The number of drug shortages in the US declined by 5% and 4% between the last quarters of 2019 and going into the first quarter of 2020, respectively, before slowly increasing by 3% and 4% in the second and third quarters of 2020.

Meanwhile Australia’s drug shortages showed a more “dramatic” escalation, increasing by 10%, 25% and 55% between each quarter of 2019 respectively, said the authors.

The number of drug shortages in Australia increased by 50%, 66% and 61% between each quarter from the end of 2019 to the third quarter of 2020, respectively.

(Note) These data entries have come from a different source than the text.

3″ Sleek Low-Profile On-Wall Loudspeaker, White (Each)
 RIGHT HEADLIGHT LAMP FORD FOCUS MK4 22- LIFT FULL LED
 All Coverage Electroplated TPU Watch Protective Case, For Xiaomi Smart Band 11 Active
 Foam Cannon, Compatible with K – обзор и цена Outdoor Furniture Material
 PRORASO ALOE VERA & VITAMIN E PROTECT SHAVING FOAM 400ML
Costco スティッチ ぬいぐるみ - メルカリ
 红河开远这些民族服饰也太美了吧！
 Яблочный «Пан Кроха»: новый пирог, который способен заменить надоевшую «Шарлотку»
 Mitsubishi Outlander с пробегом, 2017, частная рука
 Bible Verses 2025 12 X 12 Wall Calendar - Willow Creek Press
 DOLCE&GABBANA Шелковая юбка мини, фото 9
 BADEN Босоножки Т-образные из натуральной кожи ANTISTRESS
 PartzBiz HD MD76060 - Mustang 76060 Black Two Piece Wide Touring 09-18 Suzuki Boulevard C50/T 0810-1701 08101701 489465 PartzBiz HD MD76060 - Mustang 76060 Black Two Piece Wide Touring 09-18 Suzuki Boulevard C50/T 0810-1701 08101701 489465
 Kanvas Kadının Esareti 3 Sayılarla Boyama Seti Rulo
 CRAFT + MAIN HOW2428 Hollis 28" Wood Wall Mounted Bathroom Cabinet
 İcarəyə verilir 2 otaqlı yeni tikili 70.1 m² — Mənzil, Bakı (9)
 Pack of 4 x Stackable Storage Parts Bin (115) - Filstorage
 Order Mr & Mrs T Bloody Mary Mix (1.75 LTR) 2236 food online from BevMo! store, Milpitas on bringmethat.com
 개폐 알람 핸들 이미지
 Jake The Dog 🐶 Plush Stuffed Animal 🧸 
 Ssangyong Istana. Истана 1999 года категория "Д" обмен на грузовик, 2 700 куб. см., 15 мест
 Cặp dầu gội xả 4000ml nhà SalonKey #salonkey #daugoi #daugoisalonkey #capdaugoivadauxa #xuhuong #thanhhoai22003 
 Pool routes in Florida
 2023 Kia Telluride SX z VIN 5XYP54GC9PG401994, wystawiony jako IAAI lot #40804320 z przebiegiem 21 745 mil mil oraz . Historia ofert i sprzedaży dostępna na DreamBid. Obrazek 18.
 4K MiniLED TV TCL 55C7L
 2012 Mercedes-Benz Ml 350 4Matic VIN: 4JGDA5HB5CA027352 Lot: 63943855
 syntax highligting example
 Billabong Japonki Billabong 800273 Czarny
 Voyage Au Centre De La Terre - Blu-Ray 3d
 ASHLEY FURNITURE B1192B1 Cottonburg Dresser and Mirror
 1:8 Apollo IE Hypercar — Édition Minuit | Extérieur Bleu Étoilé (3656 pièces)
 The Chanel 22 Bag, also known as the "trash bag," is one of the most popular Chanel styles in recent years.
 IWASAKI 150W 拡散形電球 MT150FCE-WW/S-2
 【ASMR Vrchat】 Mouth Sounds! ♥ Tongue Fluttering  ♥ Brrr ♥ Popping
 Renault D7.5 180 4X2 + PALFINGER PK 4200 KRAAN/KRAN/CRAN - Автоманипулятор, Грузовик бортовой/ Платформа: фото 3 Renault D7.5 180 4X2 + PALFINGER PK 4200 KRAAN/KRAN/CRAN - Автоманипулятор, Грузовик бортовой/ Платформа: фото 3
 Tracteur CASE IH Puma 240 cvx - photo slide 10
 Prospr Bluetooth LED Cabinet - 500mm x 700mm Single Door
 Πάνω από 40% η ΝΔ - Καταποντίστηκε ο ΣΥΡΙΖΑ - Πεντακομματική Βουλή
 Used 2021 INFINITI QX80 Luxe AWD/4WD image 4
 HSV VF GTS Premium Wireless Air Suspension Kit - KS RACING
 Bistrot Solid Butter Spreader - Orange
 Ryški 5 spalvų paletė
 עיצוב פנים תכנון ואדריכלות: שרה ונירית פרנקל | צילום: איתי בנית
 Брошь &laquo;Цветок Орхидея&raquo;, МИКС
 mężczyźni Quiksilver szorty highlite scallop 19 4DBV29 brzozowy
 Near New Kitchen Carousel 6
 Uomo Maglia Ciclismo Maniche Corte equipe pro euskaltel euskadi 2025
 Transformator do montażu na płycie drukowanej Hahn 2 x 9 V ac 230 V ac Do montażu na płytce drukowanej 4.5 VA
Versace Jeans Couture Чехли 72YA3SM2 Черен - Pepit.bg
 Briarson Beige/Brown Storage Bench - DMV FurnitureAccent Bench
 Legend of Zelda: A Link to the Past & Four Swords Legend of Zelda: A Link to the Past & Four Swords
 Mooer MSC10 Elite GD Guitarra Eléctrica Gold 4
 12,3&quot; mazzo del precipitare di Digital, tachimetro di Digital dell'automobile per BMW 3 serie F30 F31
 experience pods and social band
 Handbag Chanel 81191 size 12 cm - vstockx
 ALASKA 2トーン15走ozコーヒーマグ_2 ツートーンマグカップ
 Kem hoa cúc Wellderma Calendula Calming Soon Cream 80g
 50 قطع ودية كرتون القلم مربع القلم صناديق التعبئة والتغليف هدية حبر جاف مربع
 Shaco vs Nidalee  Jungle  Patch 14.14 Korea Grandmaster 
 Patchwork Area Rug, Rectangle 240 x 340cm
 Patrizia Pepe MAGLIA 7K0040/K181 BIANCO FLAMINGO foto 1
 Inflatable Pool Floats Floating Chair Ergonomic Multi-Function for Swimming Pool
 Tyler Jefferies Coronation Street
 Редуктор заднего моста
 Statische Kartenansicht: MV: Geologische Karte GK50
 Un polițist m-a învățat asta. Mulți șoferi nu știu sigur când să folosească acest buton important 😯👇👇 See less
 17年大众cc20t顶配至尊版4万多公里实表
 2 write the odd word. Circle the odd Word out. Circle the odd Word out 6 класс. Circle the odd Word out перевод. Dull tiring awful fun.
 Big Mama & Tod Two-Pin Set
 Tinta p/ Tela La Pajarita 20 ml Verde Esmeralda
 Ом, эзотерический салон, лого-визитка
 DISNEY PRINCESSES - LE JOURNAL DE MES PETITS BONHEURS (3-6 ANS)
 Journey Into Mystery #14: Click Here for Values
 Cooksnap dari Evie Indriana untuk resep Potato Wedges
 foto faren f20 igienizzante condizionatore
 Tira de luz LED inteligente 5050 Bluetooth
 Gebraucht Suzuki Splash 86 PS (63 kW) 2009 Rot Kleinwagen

According to the TGA, Australia accounts for only 2% of the global pharmaceutical market and imports over 90% of its medicines, making Australia “particularly vulnerable to medicine shortages arising from factors outside our control”.

“The results of this study indicate that the Australian pharmaceuticals market is indeed more vulnerable to drug shortages, particularly in the event of a global pandemic such as COVID-19,” said the authors.

“However, these shortages are not exclusively influenced by the US drug market.”

They suggested more direct impacts from trading partners such as India, China, Germany and Switzerland.

“Further investigation … is required to determine the exact determinants of Australia’s market fragility and how policy may be utilised to help secure its drug supply in the future,” they concluded.

A recent report by the Productivity Commission, covered by the AJP here, found that Australia imports most of its pharmaceutical goods from Europe and the United States, who rely increasingly on Active Pharmaceutical Ingredients (APIs) manufactured in India and China.

With China producing 40% of APIs globally and India supplying 20% of global exports of generic medicines, early in the pandemic “disruptions to Indian and Chinese production of APIs led to concerns of shortages in Australia”, it said.

However Medicines Australia contended that despite these concerns, the Australian pharmaceutical supply chain was “strong and stood up well to the challenges posed by the COVID-19 pandemic”.

The Therapeutic Goods Administration also worked with industry through the Medicine Shortages Working Party to manage medicine shortages. Concerns about supply were resolved when Chinese manufacturing recovered quickly and India removed export bans, the report found.